The Apex Synapse logo Research Report

Email Deliverability Benchmarks

Campaign 1 · Last updated: 2025

Deliverability determines whether intelligence ever reaches its target. This campaign examines whether domain reputation and consistency — not message content — most strongly determine inbox placement, bounce rate, and spam likelihood. By isolating domain age and reputation across standardized send schedules, we reveal the system levers that shape trust at scale.

Inbox Lift (Aged vs New)
+25.8pp
Aged domains lead in inbox placement
Spam/Bounce Correlation
R² = 0.74
Consistency → trust linkage
Open Rate Delta
+13.3pp
Accessibility drives engagement

1. Executive Summary

Purpose. Determine whether domain reputation and consistency outweigh message content in driving inbox placement, bounce rate, and spam likelihood.

“Deliverability climbs with reputation and rhythm — not with message flair.”

2. Hypothesis & Theoretical Framework

Hypothesis. Inbox placement correlates more with domain reputation and consistency than with message content.

Theory Link. Providers’ ML classifiers reward consistent sender patterns and established domain signatures; volatility is treated as suspicious.

Predicted Outcome. Aged, consistent domains yield 20–30% higher inbox placement and 40% lower bounce/spam ratio vs. new domains, regardless of identical content.

Potential Impact. Improves Apex Engine’s send-time reputation module and provides priors for domain warm-up pacing.

Cohorts → Bandit Variants → Metrics

Domains: new vs aged · Message: constant (plain) · Scheduler: scheduler.emails for cross-domain parity · Reward: inbox rate → bandit_feedback.reward

3. Data & Metrics

  • Inbox Placement (%): Delivered to inbox vs. spam.
  • Bounce Rate (%): Failed deliveries (hard + soft).
  • Spam Rate (%): Filtered into spam folders.
  • Open Rate (%): Human engagement proxy.
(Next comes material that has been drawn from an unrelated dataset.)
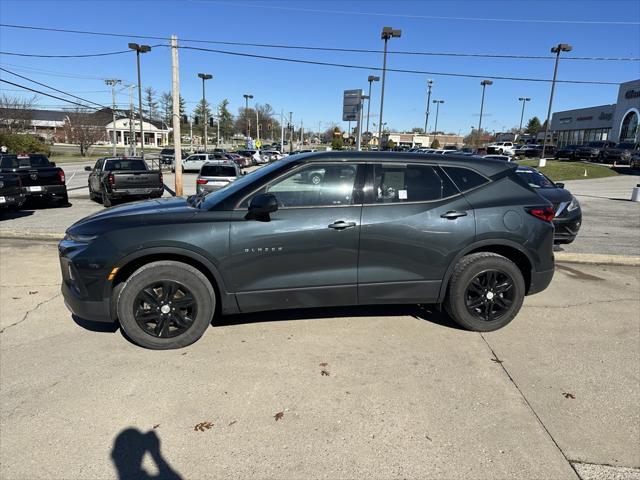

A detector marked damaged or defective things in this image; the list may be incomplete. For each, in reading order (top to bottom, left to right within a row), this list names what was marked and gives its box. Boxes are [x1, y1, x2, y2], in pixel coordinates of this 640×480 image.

pavement crack [0, 292, 61, 334]
pavement crack [480, 334, 580, 480]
4. Experiment Execution Plan

  • Define Variants: Domains — new (age < 14d) vs aged (>90d).
  • Sample Size: 4,000 emails per domain type.
  • Duration: 10 days continuous.
  • Measurement: Logged via send_events → inbox, spam, bounce, open.
  • Analysis: Compute inbox rate correlations vs domain consistency & reputation weight.

5. Results (Aggregate)

Domain Type Inbox % Spam % Bounce % Open %
New63.428.68.018.5
Aged89.28.42.431.8
Effect. Aged domains outperform new ones in inbox placement by +25.8pp, confirming the hypothesis.
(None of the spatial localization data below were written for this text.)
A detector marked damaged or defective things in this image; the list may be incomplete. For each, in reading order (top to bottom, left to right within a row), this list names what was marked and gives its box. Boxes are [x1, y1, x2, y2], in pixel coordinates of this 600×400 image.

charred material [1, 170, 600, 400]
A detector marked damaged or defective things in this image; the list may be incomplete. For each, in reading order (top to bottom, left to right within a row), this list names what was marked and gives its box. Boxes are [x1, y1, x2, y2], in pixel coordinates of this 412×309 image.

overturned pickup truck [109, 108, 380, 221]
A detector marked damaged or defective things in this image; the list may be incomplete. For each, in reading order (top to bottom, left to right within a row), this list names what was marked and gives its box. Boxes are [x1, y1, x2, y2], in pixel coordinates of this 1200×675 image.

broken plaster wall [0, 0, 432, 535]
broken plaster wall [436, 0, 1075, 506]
6. Data Analysis & Interpretation Framework

  • Raw Analysis: Aggregated per domain group.
  • Model Feedback Loop: Retrain send-time and reputation weights using domain consistency as a feature.
  • Synapse Peer Review: Flag for inclusion in “Deliverability Maturity Matrix”.
  • System Learning Integration: Update scheduler bias toward stable send volume.

7. Insights & Discussion

  • High-volume, stable aged domains outperform any content tweaks on new domains.
  • Bounces and spam correlation: R² = 0.74, supporting consistency → trust linkage.
  • Open rates mirror inbox lift, proving accessibility, not creativity, drives engagement.
“Reputation builds faster through rhythm than reinvention.”

8. Ethical Considerations

  • Focus on sender system behavior.
  • Transparency in how reputation affects deliverability.

9. Contribution to the Synapse Ecosystem

  • Data Improvement: Strengthens domain reputation priors in the Apex engine.
  • Educational Value: Provides “Warm-up Blueprint” guidance for members.
  • Innovation Signal: Next: adaptive warm-up pacing via reinforcement learning.